UPLC-QTOF/MS-Based Nontargeted Metabolomic Analysis of Mountain- and Garden-Cultivated Ginseng of Different Ages in Northeast China

Round  1

Reviewer 1 Report

This manuscript is a very good study on various lots of ginseng. The research is based on some new analysis procedures and a lot of work has been involved by the authors.

I found some English mistakes (especially in the abstract) and typing errors at the end of the 2nd page, the beginning of the 3rd and 4th pages, etc.

I liked very much to find the advantages of your method in "Introduction" and a very good description of all ginseng batches in the "Methods and Materials" section and I like the most that I have found comparative data from 3.2 (page 15) as charts and tables - it is easier to read the results.

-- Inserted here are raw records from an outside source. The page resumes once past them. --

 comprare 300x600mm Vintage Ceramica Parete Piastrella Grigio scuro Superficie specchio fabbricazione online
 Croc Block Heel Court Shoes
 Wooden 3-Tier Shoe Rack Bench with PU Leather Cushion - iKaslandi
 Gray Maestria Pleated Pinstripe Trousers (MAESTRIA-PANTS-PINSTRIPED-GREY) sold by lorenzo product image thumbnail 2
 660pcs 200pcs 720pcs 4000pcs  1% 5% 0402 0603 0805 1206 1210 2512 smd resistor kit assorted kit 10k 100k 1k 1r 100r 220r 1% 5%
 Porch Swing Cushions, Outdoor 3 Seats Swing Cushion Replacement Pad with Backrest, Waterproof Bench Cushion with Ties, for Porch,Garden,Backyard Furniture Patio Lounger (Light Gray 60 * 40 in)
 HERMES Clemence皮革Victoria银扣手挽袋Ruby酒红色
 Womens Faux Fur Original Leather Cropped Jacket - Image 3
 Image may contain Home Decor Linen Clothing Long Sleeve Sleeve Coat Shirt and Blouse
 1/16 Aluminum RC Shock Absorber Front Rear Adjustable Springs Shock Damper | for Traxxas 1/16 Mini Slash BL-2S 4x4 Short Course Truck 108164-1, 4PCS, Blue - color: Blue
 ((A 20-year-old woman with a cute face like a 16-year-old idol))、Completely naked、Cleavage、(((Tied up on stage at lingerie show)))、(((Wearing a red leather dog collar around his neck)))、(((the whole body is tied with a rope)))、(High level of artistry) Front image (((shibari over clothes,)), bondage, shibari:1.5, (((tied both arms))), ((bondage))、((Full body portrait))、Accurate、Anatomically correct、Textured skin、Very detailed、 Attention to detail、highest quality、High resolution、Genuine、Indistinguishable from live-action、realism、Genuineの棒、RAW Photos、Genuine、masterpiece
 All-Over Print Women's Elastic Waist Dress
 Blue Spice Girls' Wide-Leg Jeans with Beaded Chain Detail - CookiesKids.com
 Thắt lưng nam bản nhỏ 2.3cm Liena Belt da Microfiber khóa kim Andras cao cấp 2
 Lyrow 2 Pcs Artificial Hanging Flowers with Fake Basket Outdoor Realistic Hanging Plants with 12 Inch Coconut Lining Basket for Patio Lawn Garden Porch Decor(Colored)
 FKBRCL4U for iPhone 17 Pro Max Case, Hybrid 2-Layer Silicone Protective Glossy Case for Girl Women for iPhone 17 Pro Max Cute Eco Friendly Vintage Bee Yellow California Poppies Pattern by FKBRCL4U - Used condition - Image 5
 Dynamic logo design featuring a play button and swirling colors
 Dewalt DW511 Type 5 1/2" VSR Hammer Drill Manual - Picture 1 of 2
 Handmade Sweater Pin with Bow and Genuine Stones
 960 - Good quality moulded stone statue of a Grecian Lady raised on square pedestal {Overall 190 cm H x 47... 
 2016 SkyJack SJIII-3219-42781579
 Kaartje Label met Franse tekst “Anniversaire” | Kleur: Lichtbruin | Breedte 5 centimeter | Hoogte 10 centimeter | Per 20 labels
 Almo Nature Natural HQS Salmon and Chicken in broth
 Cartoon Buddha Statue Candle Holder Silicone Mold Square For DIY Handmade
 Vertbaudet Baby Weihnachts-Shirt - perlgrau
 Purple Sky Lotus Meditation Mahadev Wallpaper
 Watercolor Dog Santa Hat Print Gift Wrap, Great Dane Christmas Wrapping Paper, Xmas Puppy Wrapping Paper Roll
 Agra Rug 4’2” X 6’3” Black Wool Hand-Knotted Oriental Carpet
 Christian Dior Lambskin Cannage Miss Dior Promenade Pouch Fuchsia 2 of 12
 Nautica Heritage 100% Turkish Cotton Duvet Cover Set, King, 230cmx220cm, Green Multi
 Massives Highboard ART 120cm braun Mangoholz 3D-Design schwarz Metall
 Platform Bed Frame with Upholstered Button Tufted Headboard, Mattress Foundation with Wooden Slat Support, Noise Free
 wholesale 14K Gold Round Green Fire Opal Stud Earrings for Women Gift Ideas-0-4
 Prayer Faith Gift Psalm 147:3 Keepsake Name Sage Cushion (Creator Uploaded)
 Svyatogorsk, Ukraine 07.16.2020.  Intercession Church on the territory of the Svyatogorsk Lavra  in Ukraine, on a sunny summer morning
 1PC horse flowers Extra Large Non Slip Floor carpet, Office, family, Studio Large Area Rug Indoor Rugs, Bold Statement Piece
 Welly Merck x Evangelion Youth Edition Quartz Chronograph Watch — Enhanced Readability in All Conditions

I suggest you to mention if you used an instrument to grind and sieve the samples.

Author Response

1. I found some English mistakes (especially in the abstract) and typing errors at the end of the 2nd page, the beginning of the 3rd and 4th pages, etc.

Response: The English mistakes and typing errors all over the text, especially at the above mentioned positions, have been corrected. 

2. I suggest you to mention if you used an instrument to grind and sieve the samples.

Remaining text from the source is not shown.